Interaction with cystic fibrosis transmembrane conductance regulator-associated ligand (CAL) inhibits β1-adrenergic receptor surface expression

Abstract

G protein-coupled receptors such as the β1-adrenergic receptor (β1AR) must be trafficked to the plasma membrane in order to bind with their extracellular ligands and regulate cellular physiology. By using glutathione S-transferase pull-down techniques, we found that the β1AR carboxyl terminus directly interacts with the cystic fibrosis transmembrane conductance regulator-associated ligand (CAL; also known as PIST, GOPC, and FIG), a protein known to be primarily localized to the Golgi apparatus. CAL contains two predicted coiled-coil domains and one PSD-95/Discs-large/ZO-1 homology (PDZ) domain. The β1AR carboxyl terminus (CT) binds to the PDZ domain of CAL, with the last few amino acids (ESKV) of the β1AR-CT being the key determinants for the interaction. Mutation of the terminal valine residue resulted in markedly reduced association of the β1AR-CT with CAL. Numerous other mutations to the ESKV motif also impaired the β1AR-CT/CAL interaction, suggesting that this motif is close to optimal for association with the CAL PDZ domain. In cells, full-length β1AR robustly associates with CAL, and this interaction is abolished by mutation of the terminal valine to alanine of the receptor (V477A), as determined by co-immunoprecipitation experiments and immunofluorescence co-localization studies.
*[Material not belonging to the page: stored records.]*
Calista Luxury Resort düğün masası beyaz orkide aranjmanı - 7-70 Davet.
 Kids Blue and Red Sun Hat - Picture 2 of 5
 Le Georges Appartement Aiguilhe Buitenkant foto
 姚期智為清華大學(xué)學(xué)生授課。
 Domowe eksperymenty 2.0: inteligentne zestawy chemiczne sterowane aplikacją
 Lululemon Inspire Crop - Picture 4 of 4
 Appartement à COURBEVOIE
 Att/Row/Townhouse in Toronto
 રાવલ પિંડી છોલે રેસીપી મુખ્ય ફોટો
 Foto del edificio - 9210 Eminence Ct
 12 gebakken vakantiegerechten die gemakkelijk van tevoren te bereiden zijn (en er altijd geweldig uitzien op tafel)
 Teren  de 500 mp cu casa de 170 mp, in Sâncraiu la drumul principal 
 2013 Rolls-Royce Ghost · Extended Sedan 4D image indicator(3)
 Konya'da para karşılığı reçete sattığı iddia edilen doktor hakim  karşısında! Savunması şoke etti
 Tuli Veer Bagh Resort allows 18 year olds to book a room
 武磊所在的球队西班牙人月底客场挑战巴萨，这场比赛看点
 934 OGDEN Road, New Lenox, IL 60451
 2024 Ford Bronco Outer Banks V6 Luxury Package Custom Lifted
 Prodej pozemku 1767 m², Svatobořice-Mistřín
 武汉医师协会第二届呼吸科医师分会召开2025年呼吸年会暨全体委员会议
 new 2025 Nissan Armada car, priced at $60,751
Consistent with observations that CAL is a Golgi-associated protein, overexpression of CAL reduces surface expression of β1AR. Interaction with CAL promotes retention of β1AR within the cell, whereas PSD-95, another β1AR-associated PDZ domain-containing protein, competitively blocks β1AR association with CAL and promotes receptor trafficking to the cell surface. These data reveal that CAL, a novel β1AR-binding partner, modulates β1AR intracellular trafficking, thereby revealing a new mechanism of regulation for β1AR anterograde trafficking through the endoplasmic reticulum-Golgi complex to the plasma membrane.